ASUS-AICS / LibMultiLabel

A library for multi-class and multi-label classification
MIT License
152 stars 30 forks source link

Alter the Behaviors of ModelCheckpoint Callback #344

Closed donglihe-hub closed 10 months ago

donglihe-hub commented 10 months ago

Motivation

Lightning saves model to disk in the main process. In other words, training will stall until the checkpoint is saved to the disk. This is not a problem when models are small. However, as the model size grows, it becomes more time-consuming to save to disks. This becomes a bottleneck when training models like AttentionXML on extreme multilabel datasets like AmazonCat-13K and Amazon-670K, where AttentionXML performs hundreds of saving operations during training.

What does this PR do?

Alter the behaviors of lightning ModelCheckpoint. This adds new features to lightning ModelCheckpoint while simplify the arguments exposed to users/developers.

The ModelCheckpoint uses API of lightning 2.1.3. So the test will not be passed until Eleven upgrades the packages. No conflict now as I've moved the custom modelcheckpoint to a new file.

New features:

  1. Cache the best (top 1) model state_dict to RAM during training.

  2. Save the cached state_dict to disk at the end of training.
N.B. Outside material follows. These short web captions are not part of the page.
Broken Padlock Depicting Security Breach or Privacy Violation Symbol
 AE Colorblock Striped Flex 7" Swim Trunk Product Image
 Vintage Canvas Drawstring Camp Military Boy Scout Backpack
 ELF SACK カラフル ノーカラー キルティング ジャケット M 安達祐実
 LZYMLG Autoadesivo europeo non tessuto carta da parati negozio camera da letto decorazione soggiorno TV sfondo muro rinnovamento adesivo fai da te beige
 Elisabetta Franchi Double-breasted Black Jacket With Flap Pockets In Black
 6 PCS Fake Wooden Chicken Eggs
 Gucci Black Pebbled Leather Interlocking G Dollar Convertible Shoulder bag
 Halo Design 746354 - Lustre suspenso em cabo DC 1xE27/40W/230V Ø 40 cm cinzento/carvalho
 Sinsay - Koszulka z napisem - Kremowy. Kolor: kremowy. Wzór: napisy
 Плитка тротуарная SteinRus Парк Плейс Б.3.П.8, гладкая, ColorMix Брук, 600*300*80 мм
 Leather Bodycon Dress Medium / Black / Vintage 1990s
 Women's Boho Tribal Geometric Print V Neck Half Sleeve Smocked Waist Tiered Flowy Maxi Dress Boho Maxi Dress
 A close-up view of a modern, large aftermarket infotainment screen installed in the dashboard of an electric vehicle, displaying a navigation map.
  3. This will be be contradicting. When save_weights_only=True, I would expect what will be saved is the state_dict only. However, lightning add hyperparameters as well as some other stuff to the outputs. I chose to only output state_dict. As we didn't use save_weights_only in LibMultiLabel, I think we shouldn't worry too much about this change.

Removed features:

  1. The new ModelCheckpoint does not save the last model. But the feature can be added as requested, without the issue of symlink since the behavior is under our control.
  2. No more top k. This is reasonable as we use save_top_k=1 in all cases.

Removed arguments

# I do not adopt these arguments, as their logics are tangled up, thus difficult to use. every_n_train_steps train_time_interval every_n_epochs

# no effect in the new ModelCheckpoint save_on_train_epoch_end

# force to ovewrite existing model: enable_version_counter

Test CLI & API (bash tests/autotest.sh)

Test APIs used by main.py.

Check API Document

If any new APIs are added, please check if the description of the APIs is added to API document.

Test quickstart & API (bash tests/docs/test_changed_document.sh)

If any APIs in quickstarts or tutorials are modified, please run this test to check if the current examples can run correctly after the modified APIs are released.

Eleven1Liu commented 10 months ago

related to #343

donglihe-hub commented 10 months ago

Closed as only related to experiment codes